During the Allied advance through France into Germany in the final months of World War Two Linthwaite soldier Harry Wimpenny picked up a German revolver.

It was a war souvenir he never brought home.

For on the boat journey back to England after the fighting had finished he threw it into the Channel in a symbolic gesture.

His son, Nic, says: “It was dad’s way of saying it was all over. He’d had enough of the war.”

But the war years did stay with Harry for he kept a diary while he served and photos from the time. Nic now wonders if he can trace the family of a Huddersfield soldier featured on one and the descendants of French families who his father met on his way through France.

The soldier’s surname was Lockwood and he lived in Birkby. Nic is also particularly keen to find descendants of the Delaunay family in Normandy, France, who Harry met in the weeks following the Allied invasion on D Day.

Harry enlisted in July 1940 and joined the 10th Survey Regiment of the Royal Artillery, serving in C Troop.

Harry Wimpenny during his service in the early days of World War Two - a bit of spit and polish in the barrack room

Nic said: “Dad kept a daily record in an exercise book of his campaign even though it was against regulations to keep one and every day is noted with very few exceptions.”

Most of the war years was spent training in England and the real war started for Harry when his regiment landed at Vers sur Mer in 1944, a coastal village just east of Arromanches in Normandy and part of Gold Beach during the D-Day landings 18 days earlier.

His journey through Europe took in Bayeaux, then north of Paris to Amiens and Brussels before crossing the Rhine at Wesel north of Dusseldorf onto Luneberg where the Germans formally surrendered. By May 12, 1945, he was marching to Kiel guarding 4,000 German prisoners.

But on May 4 he reveals that he was given some German staff cars and told to ‘decommission’ them so the soldiers played dodgems in them until they were completely wrecked.

Nic revealed: “I find it very touching that the places he visited in France – les Andelys, Argentan, Rouen, Beauvais, Bayeux and especially Lille – were all places I travelled to as a businessman from 1978. I got to know the area well and there is little sign of the devastation he would have seen.

Harry Wimpenny (third left) with the Delaunay French family in Normandy shortly after D Day

“Dad’s photo album has a picture of Delmenhorst in Germany and the next town to Delmenhorst is Ganderkesee where my German colleagues have their office and I’ve been several times on business. A little spooky, really.”

Harry’s diary reveals that they boarded a ship bound for France on June 14 and arrived off the coast at 6pm on June 16. The ammunition was taken off the ship first but then on June 19 there was a major storm and they were stuck on board for days. They finally got off the ship on June 24 although the day before Harry had noted in his diary “four ships sunk.”

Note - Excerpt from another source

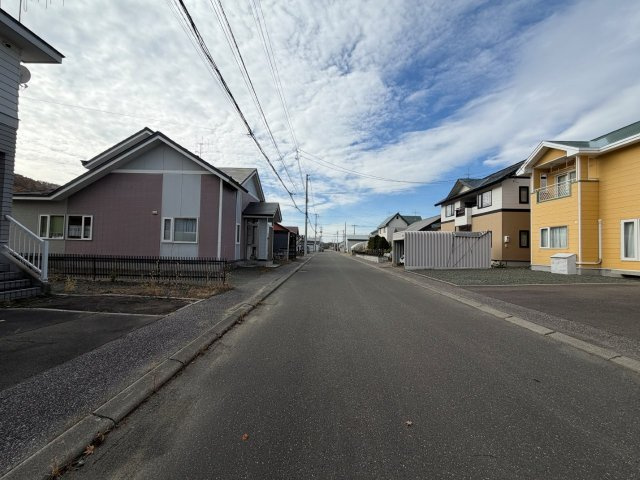 【前面道路含む現地写真】の画像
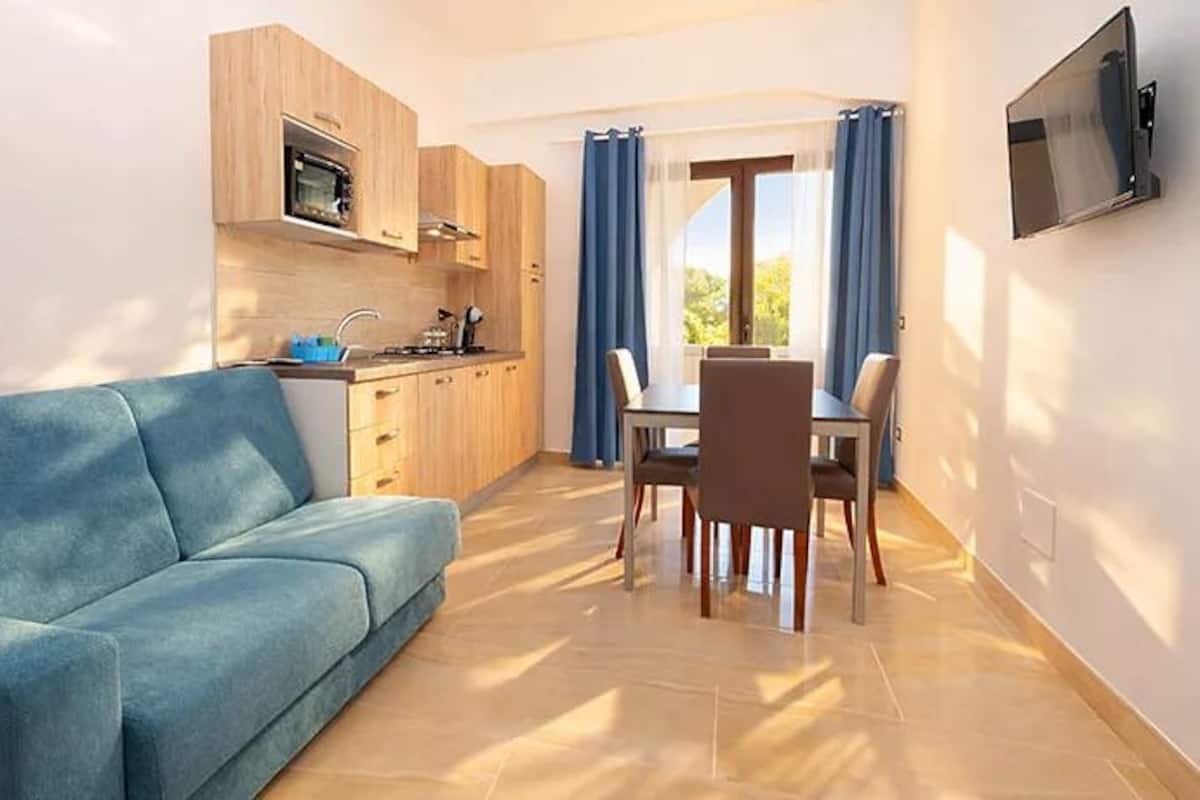 Full-sized fridge, microwave, oven, stovetop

But Harry did return home with another souvenir of the war.

He thought he had found some German binoculars but it later turned out they were Russian so must have been taken from a Russian by a German soldier.

After the war Harry became a director at Linthwaite builders J Wimpenny and Co and died in 2010 aged 90.

In 1949 he married Margaret who died 12 years ago and they had four children, Jonathan, now 65, Nic, 63, James, 61 and Helen, 53.

Any relatives of the soldier called Lockwood should contact Andrew Hirst at The Huddersfield Daily Examiner on 01484 437761.

Harry also brought home a booklet that is pure history gold.

Simply called Germany, it was advice to troops who were occupying the country after the war was over.

Harry Wimpenny (second left) with a soldier from Birkby (fourth right) who was called Lockwood!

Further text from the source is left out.